Giles Distinguished Professor Emeritus of history at Mississippi State University
The well-known photograph of Benjamin F. Butler, Massachusetts attorney, politician, and army general, shows him practically bulging out of his Union uniform. “Spoons” was his nickname because he allegedly stole silverware from Confederate homes. “Beast” was another name he carried, this one because he treated New Orleans women as ladies of the evening for insulting Union officers and men. When he commanded troops during Ulysses S. Grant’s overland Virginia campaign in 1864, he was a military failure. When told to capture Wilmington, North Carolina, in 1865, he failed again.

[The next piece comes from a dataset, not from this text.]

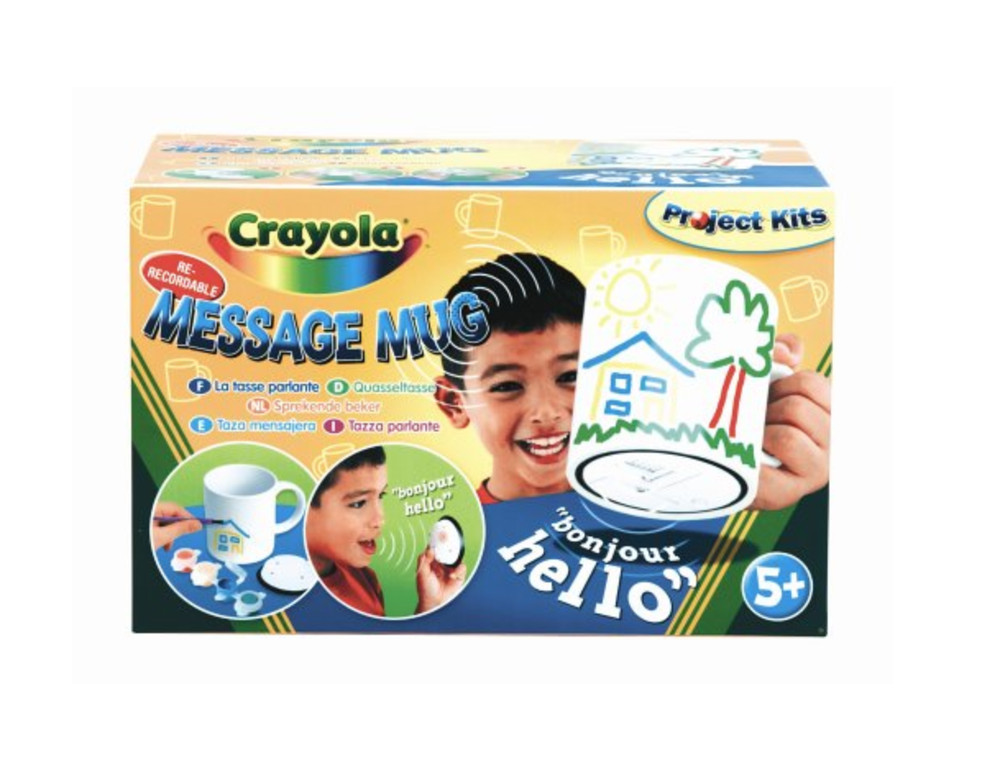 1 x Crayola Re-Recordable Message Mug - Project Kits NEW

Yet, early in the war, on May 23, 1861, the very day that Virginia seceded from the Union, Butler made one of the most fateful decisions of the Civil War. Three local slaves working on Confederate Army fortifications escaped into Fortress Monroe. They had no desire to go back. Yet, the Fugitive Slave Law was still in existence, and the United States government was still handling the South with kid gloves.
A Confederate officer appeared at the fort and fully expected Butler, its commander, to turn over the slaves as other Union officers had been doing since the war’s beginning a few weeks previously. He was shocked at Butler’s refusal. Knowing full well that the slaves were playing an important role in the Confederate war effort, Butler bluntly refused to turn them over, twitting his opposite that, since Virginia claimed to be part of a separate nation, it had no rights under the Fugitive Slave Law. The Confederate was outraged, even more so when Butler said that the slaves had been aiding the South’s war effort, so they were a “contraband of war.”
Butler did not dispute the legality of slavery, but he did say that the slaves had a different legal status during the war --- contraband. The slave population quickly took advantage of this reasoning, and they escaped into Union lines in droves, beginning slavery’s demise.
Butler might have been called “Spoons” and “Beast,” but “Contraband” was a more deserved name. He saw a military opportunity to attack slavery, and he took it --- just like Abraham Lincoln did thirteen months later.